UCLA Digital Humanities


Over the past decade, the landscape of humanistic research and teaching has changed as digital technologies enabled new modes of scholarly inquiry, research environments, publication platforms, and pedagogical practices. The digital age—characterized by, among other things, web-based media forms, massive data archiving, social networking, mapping technologies, advanced visualization, and cloud computing—ushers in a transformational moment offering nearly limitless possibilities for creating, scaling, and disseminating knowledge. While the digital age is certainly enabled by technological advances, it is less a collection of technologies than a whole new scholarly environment—one that easily encompasses traditional scholarship, but offers new, multimodal, multimedia, and multi-disciplinary possibilities for the ways in which the scholarly endeavor is practiced.

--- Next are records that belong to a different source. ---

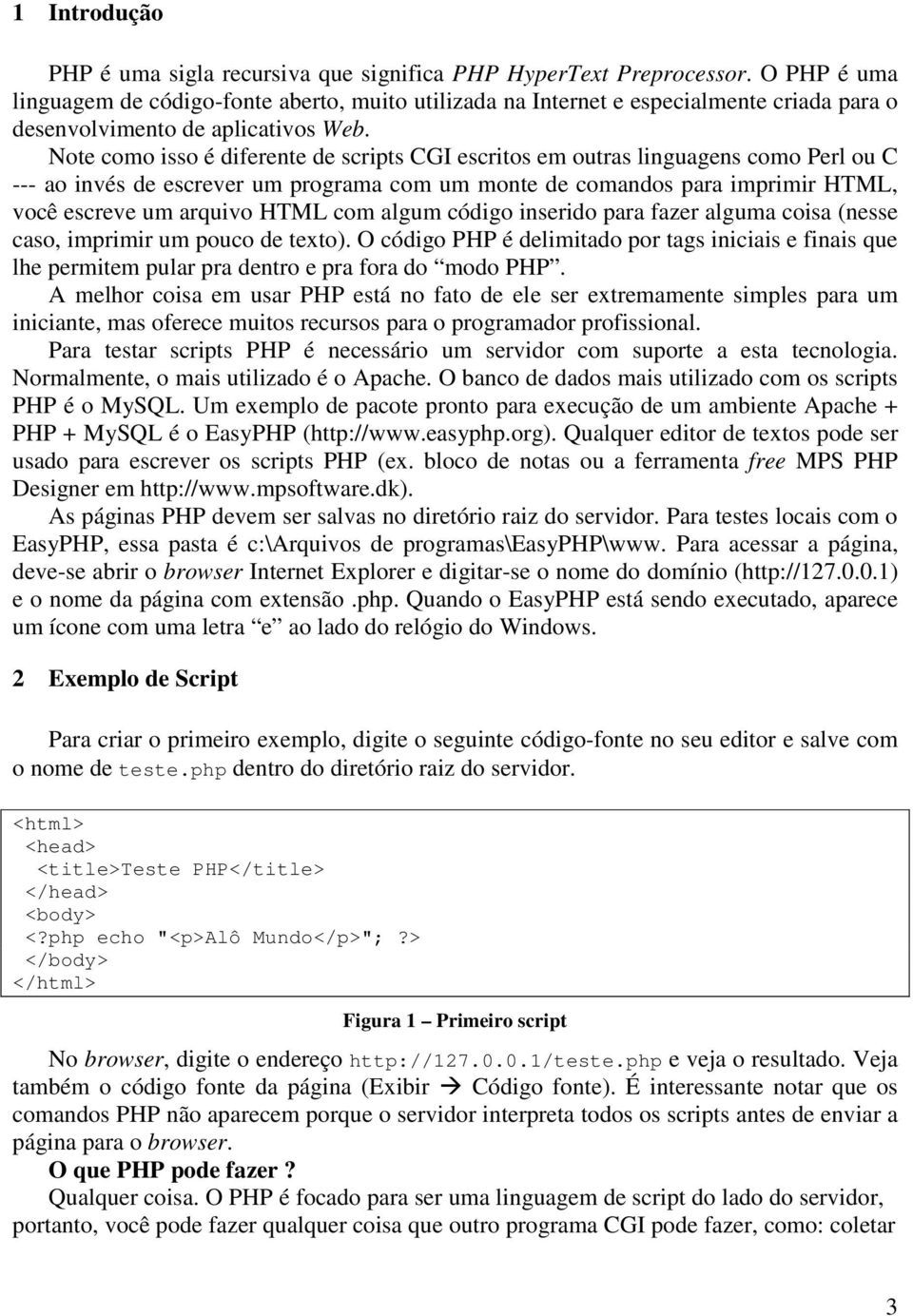 Note como isso é diferente de scripts CGI escritos em outras linguagens como Perl ou C --- ao invés de escrever um programa com um monte de comandos para imprimir HTML, você escreve um arquivo HTML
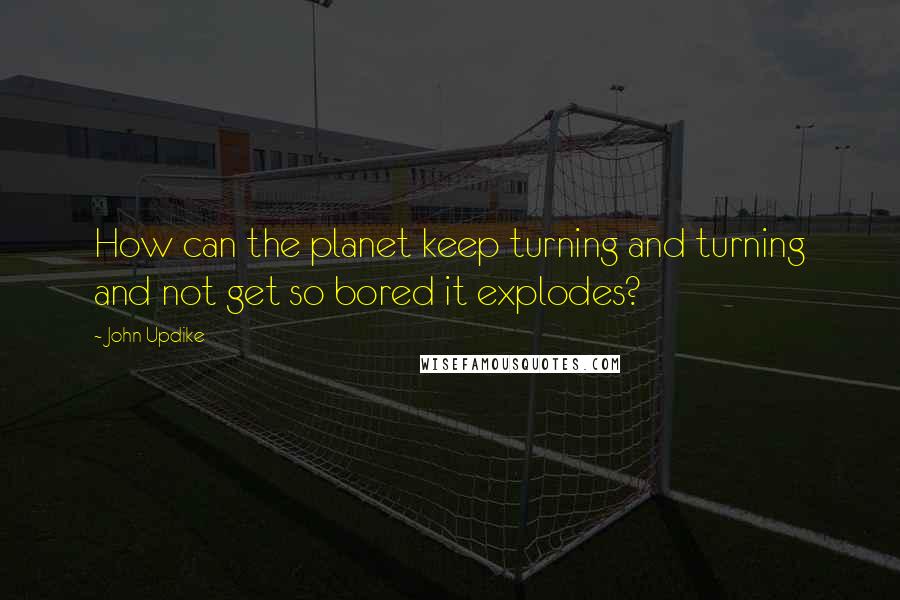 John Updike Quotes: How can the planet keep turning and turning and not get so bored it explodes?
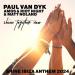 Paul Van Dyk feat. Amos & Riot Night & Matt Noland - Shine Together Now (Shine Ibiza Anthem 2024)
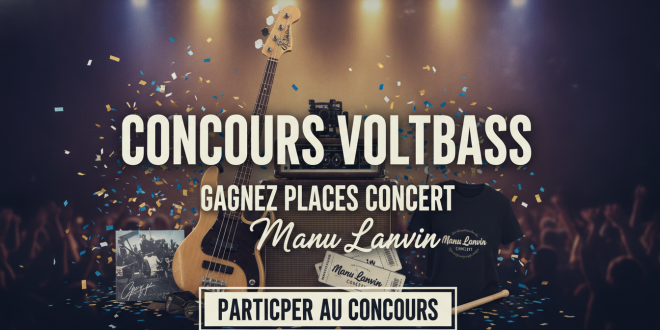 Concours VoltBass : Gagnez places concert Manu Lanvin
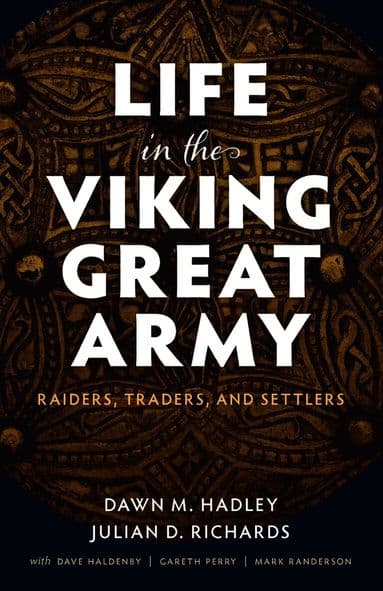 Life in the Viking Great Army
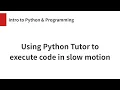 Using Python Tutor to execute code in slow motion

The graduate certificate in Digital Humanities prepares students to work in this new environment by providing them with knowledge about the tools, methods, and theoretical issues central to the emerging field and enabling them to ask specific research questions that harness new technologies. These include text analysis, data mining, visualization, modeling and simulation, geo-spatial and mapping, multi-media storytelling, information design, network analysis, interface design, mark-up, among others. Levels of skill and depth of knowledge about particular tools and platforms will vary depending on students’ own interest and relevance to their field and/or projects, but will directly reflect the ways in which the methods and tools of the Digital Humanities are extending their own discipline (e.g. how does “distant reading” or the mechanized processing of textual material in large corpora offer insight into problems of literary analysis, or how can geospatial platforms be used to interrogate cross-cultural perceptions of “contact narratives”). Students will be exposed to a combination of theoretical explorations, critical methods, and hands-on production so that they can do humanistic work in a digital environment (authoring, analyzing, curating, publishing) and also produce scholarship that examines the underpinnings and assumptions of digital techniques. The certificate emphasizes principles and concepts that will transfer across programs and platforms, rather than stressing specific in-depth training in particular software programs, with the conviction that digital technologies will continue to emerge, but that certain intellectual, technical, and research design principles will remain central to this rapidly changing field.